Ist der Getreide-Deal zerschossen?

von Redaktion

VON ULF MAUDER

Moskau/Kiew – Als ein „Leuchtfeuer der Hoffnung“ wollte UN-Generalsekretär António Guterres die mühsam errungene Einigung über die Ausfuhr von Millionen Tonnen ukrainischem Getreide verstanden wissen. Doch es dauerte keine 24 Stunden, bis Russland den für den Export wichtigen Hafen in Odessa am Schwarzen Meer mit Raketen angriff. In den Silos dort lagern große Mengen an Weizen und Mais, die für die Welternährung wichtig sind.

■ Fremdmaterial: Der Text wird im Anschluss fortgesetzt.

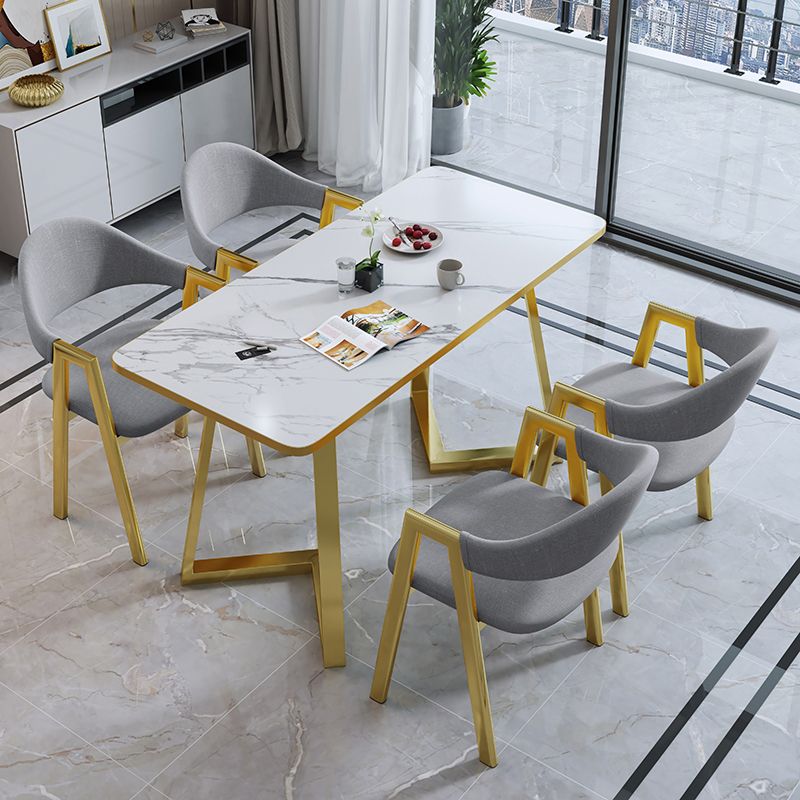 5 Piece Rectangle Shape Wood Top Dining Room Chair and Table Set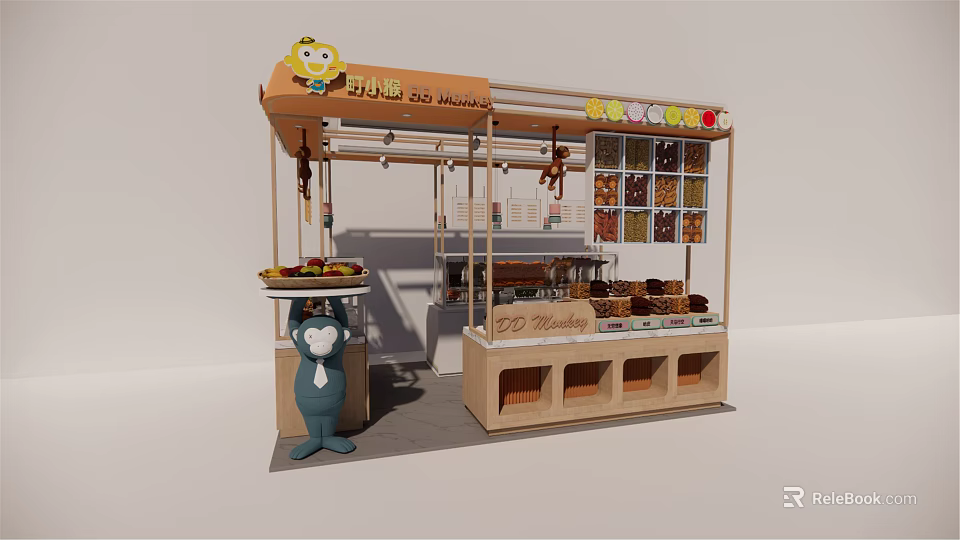 Illuminated Snack Shop Display Shelves with Assorted Snacks and Cartoon Mascot 3d model 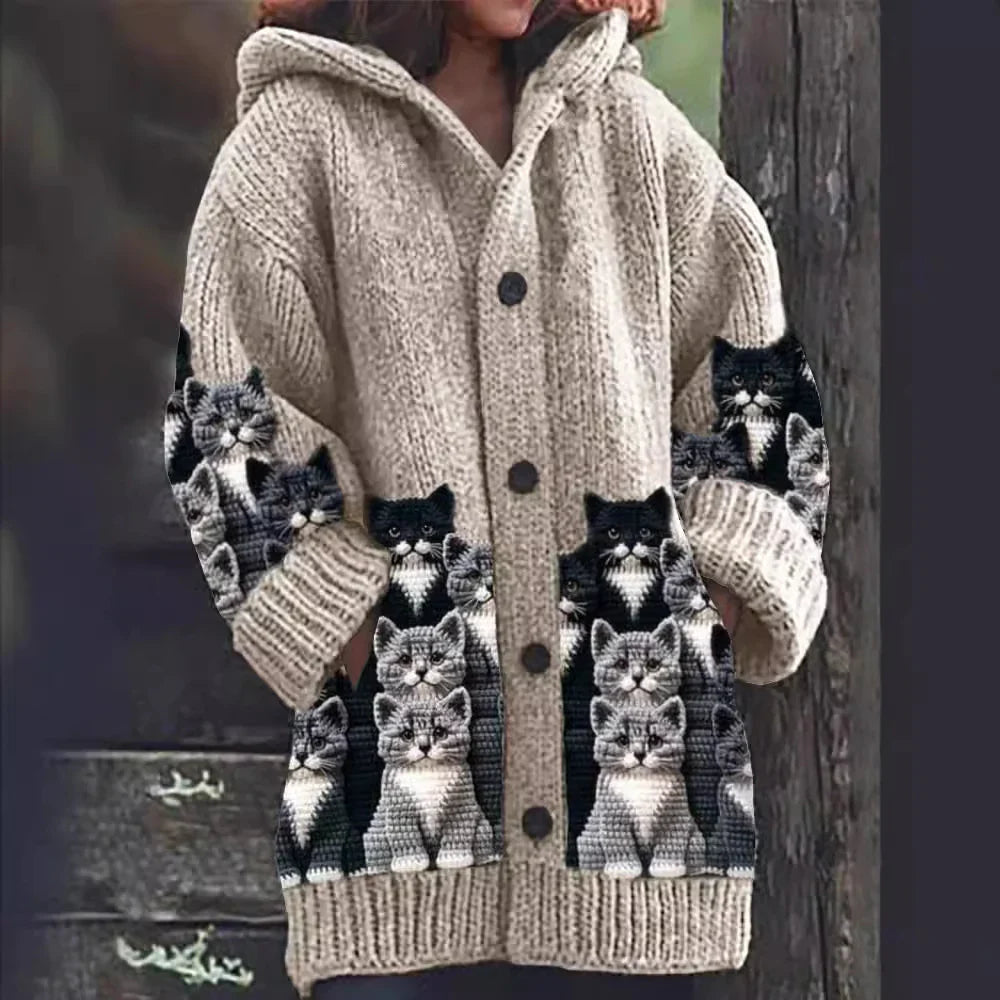 Ivy - Cozy Knit Cat Print Cardigan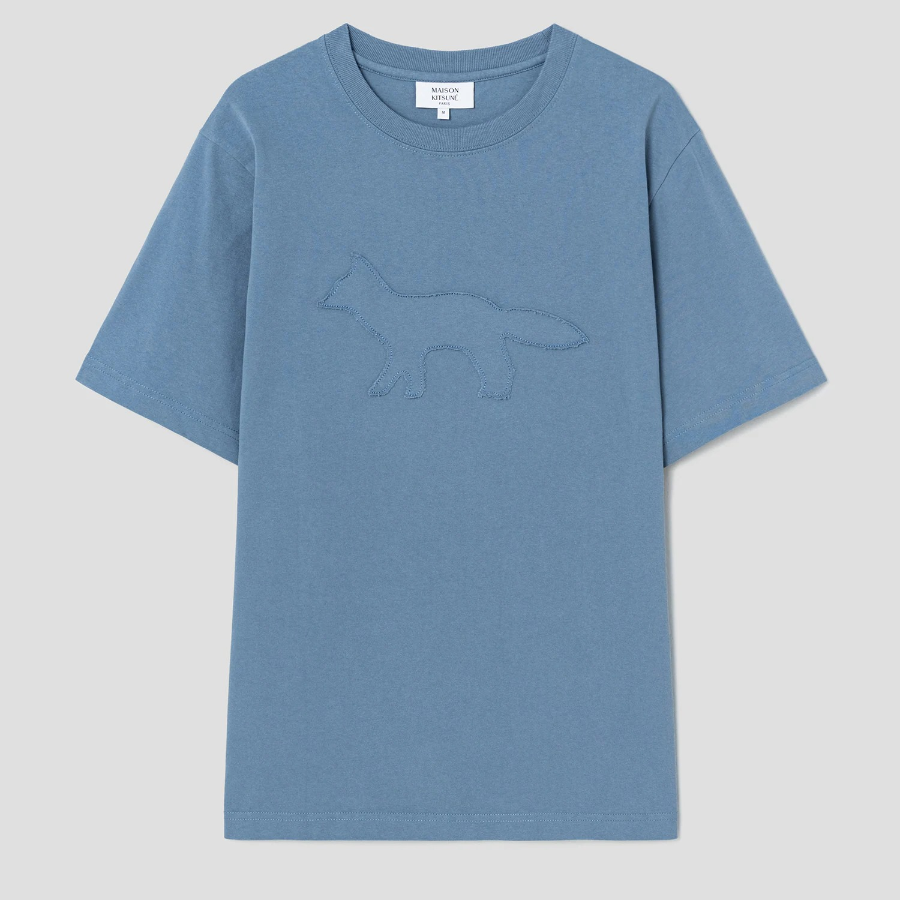 Maison Kitsune Men Crafted Profile Fox Comfort Tee - Zinc Grey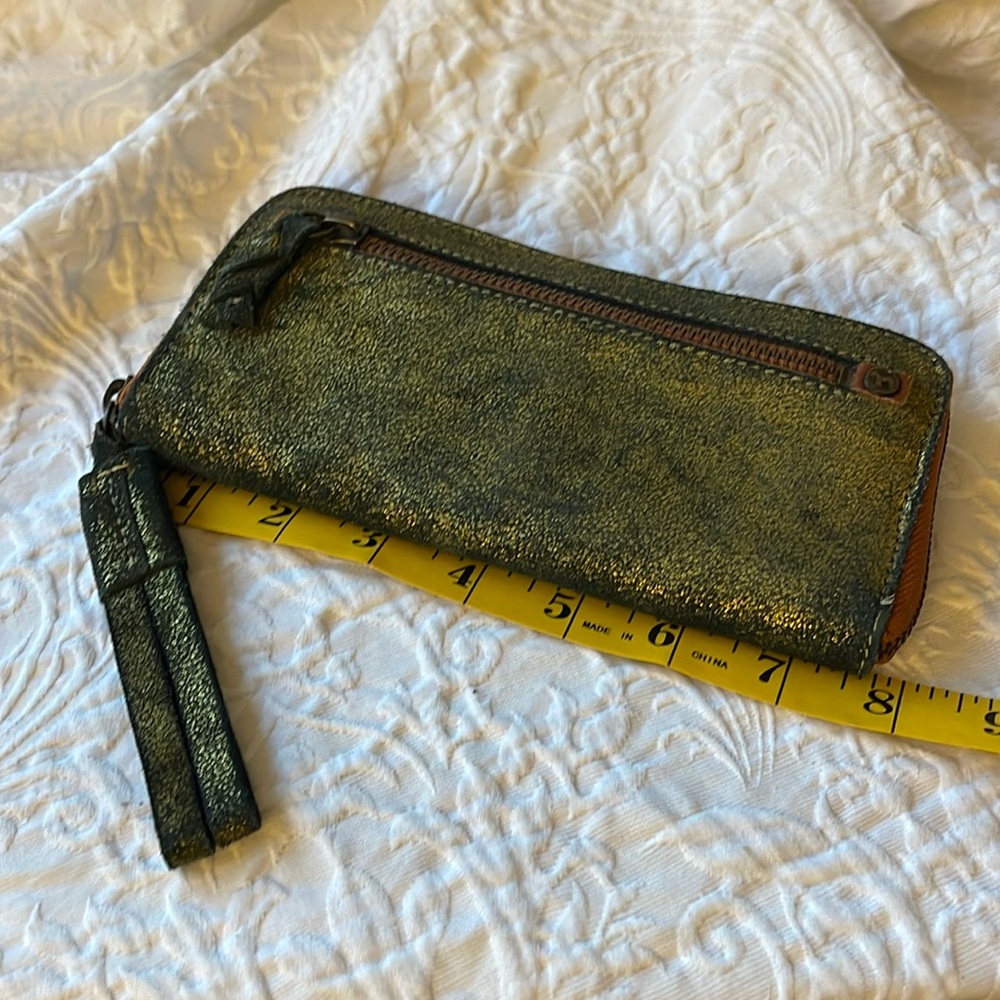 Holding Horses Anthropology Zip around wristlet wallet navy w/gold shimmer suede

Die neuen russischen Raketenschläge schüren massive Ängste, dass das am Freitag in Istanbul unterzeichnete Abkommen platzen könnte. Zwar wurden nach ukrainischen Angaben bei dem Beschuss mit „Kaliber“-Raketen keine Getreidesilos getroffen. Von „offensichtlicher russischer Barbarei“ sprach jedoch der ukrainische Präsident Wolodymyr Selenskyj am Wochenende.

Aus russischer Sicht ist der Anschlag vom Samstag ein klarer Warnschuss für die Ukraine. Es sei ein Objekt militärischer Infrastruktur beschossen worden, räumte das russische Außenministerium ein. Sprecherin Maria Sacharowa wies Kritik zurück, dass Vereinbarungen mit Russland keinen Bestand hätten.

Aus russischer und aus ukrainischer Sicht hat das maßgeblich unter Vermittlung von UN-Generalsekretär Guterres und dem türkischen Präsidenten Recep Tayyip Erdogan ausgehandelte Abkommen weiter seine Gültigkeit. Für die Umsetzung aber müssen erst die technischen Voraussetzungen getroffen werden. Zudem hat Russland eigene Bedingungen gestellt und sich schriftlich Zugeständnisse geben lassen von den Vereinten Nationen, damit die Einigung am Ende Bestand hat. Dazu hat die russische Seite zwei Vereinbarungen unterzeichnet. Verteidigungsminister Sergej Schoigu unterschrieb in Istanbul am Freitag mit seinem türkischen Amtskollegen Hulusi Akar ein Dokument, das einen sicheren Seetransport über einen Korridor im Schwarzen Meer vorsieht. Ausdrücklich erwähnt ist darin auch, dass sich keine Kriegsschiffe, Flugzeuge oder Drohnen in der Nähe des Korridors aufhalten dürfen. Bei dem Angriff auf den Hafen von Odessa aber seien ein ukrainisches Kriegsschiff, ein Depot mit von den USA gelieferten „Harpoon“-Raketen und ein Dock zerstört worden, hieß es in Moskau.

Die Einigung sieht auch vor, die Schiffe von Vertretern aller Parteien in einem Kontrollzentrum in Istanbul überwachen zu lassen. Die Schiffsinspektoren müssen dem Vernehmen nach allerdings erst noch gefunden werden. Russland befürchtet, dass Schiffe, die ukrainische Häfen ansteuern, Waffen an Bord haben könnten.

Viel wichtiger für Russland ist allerdings das zweite Dokument, eine Absichtserklärung, die parallel zu dem Istanbuler Abkommen mit den Vereinten Nationen unterzeichnet wurde. Demnach wollen sich die UN bei den westlichen Ländern dafür einsetzen, dass die unter anderem auf Russlands Getreide- und Düngemittelexport drückenden Sanktionen abgeschafft werden. Zwar gibt es keine direkten Sanktionen auf russische Lebensmittel. Aber die Strahlkraft der Strafmaßnahmen ist inzwischen so, dass das Riesenreich keine Geschäfte mehr machen kann. Wie die Ukraine will auch Russland sich die Milliardeneinnahmen aus dem Getreideverkauf nicht entgehen lassen. Dafür ist das Land nun aber angewiesen darauf, dass die Vereinten Nationen erreichen, dass der Sanktionsdruck nachlässt. Nach dem Angriff auf den Hafen von Odessa allerdings steht Russland erneut international in der Kritik.